This study was designed to determine the impact of the internship experience on the BSTP.
The survey evaluated job allocations, intern education, clinical skills development, and exposure to patient care. A combination of binary responses (yes, no) and Likert scoring (cuing at 1 never/disagree, and at 6 always/strongly agree) were used to code responses.
Thirty five trainees responded (all those present at a study day), representing 60% of all trainees. These trainees undertook approximately 130 rotations, with 12 (34%) undertaking a paediatric rotation.
Relating to intern education; only 10 (28%) of trainees had a mentor. Education was frequently provided as scheduled (Likert mean (LM) 3.82). The preferred method of teaching was bedside delivered.
Interns strongly agreed that time management (LM 5.0, Positive skew (PS) 82%) and communication skills (LM 4.9, PS 71%) were clinical skills developed during intern year
Relating to exposure to patient care; Interns were frequently out of their comfort zone in dealing with patients (LM 4.3, PS 41%).
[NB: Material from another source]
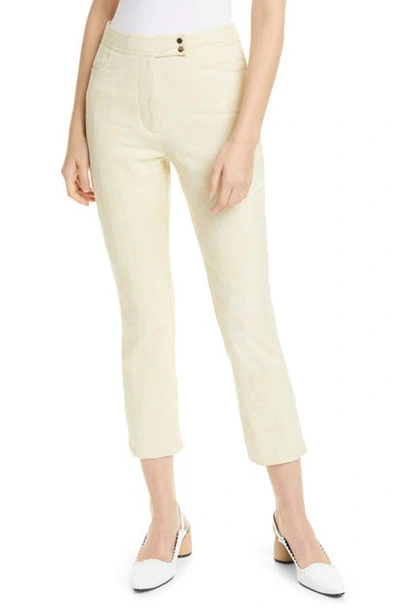 Shop Stine Goya Wally Cloque Trousers In Tulips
Most said they had never been debriefed after attending an emergency situation (LM 1.7, PS 3%). An elevated Early Warning Score (EWS) in Irish hospitals precludes intern assessment however this rule is frequently ignored (LM 4.9, PS 80%). Interns infrequently clerked patients in the emergency department (LM 2.6, PS 14%), although many agreed that interns should be clerking patients (LM 4.4, PS 55%)
This survey highlights the variability of the internship experience in Ireland, and highlights some areas where direct improvements could be made.